- _Exercise material_
• • •

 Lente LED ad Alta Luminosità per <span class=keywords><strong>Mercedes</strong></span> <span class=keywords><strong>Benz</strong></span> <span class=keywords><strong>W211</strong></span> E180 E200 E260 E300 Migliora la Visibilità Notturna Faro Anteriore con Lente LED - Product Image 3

• • •

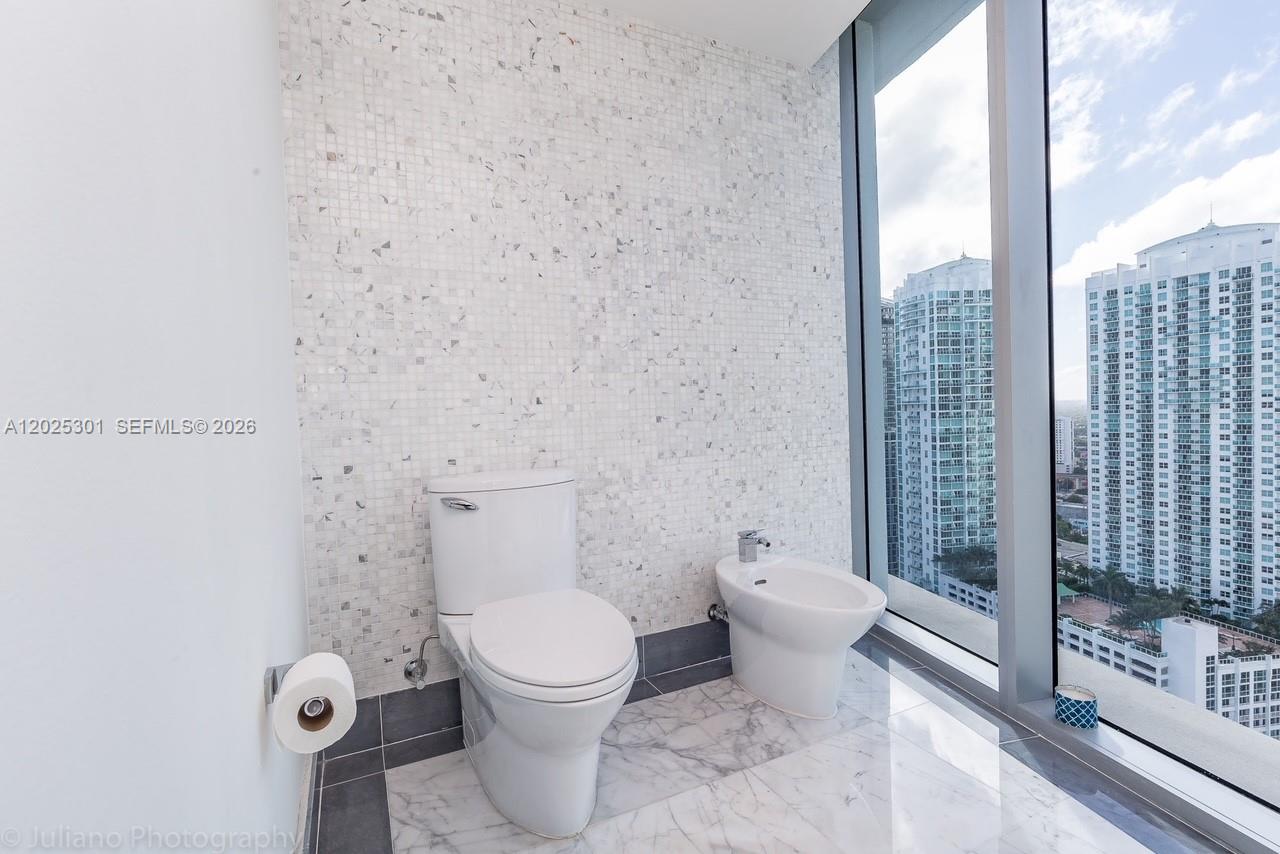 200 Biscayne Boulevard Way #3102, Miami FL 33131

• • •

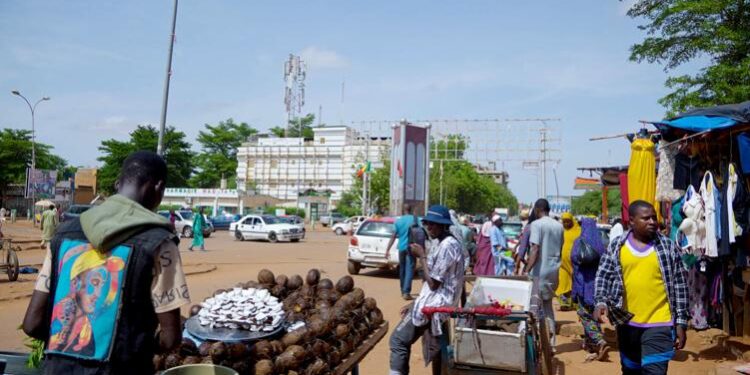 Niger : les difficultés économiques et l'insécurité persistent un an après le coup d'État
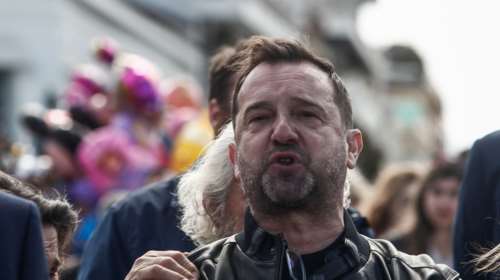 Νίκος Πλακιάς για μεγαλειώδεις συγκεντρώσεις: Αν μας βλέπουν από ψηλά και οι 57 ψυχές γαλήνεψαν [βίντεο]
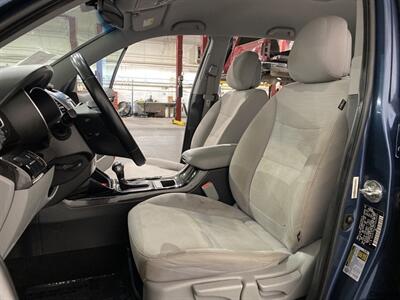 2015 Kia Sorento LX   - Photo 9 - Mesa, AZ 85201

• • •

- _Task directions_
Copy word for word the lines above, starting at the line containing "Νίκος Πλακιάς για" and ending at the line containing "2015 Kia Sorento", inclusive, with no pictures.

- _Exercise output_
 Νίκος Πλακιάς για μεγαλειώδεις συγκεντρώσεις: Αν μας βλέπουν από ψηλά και οι 57 ψυχές γαλήνεψαν [βίντεο]
 2015 Kia Sorento LX   - Photo 9 - Mesa, AZ 85201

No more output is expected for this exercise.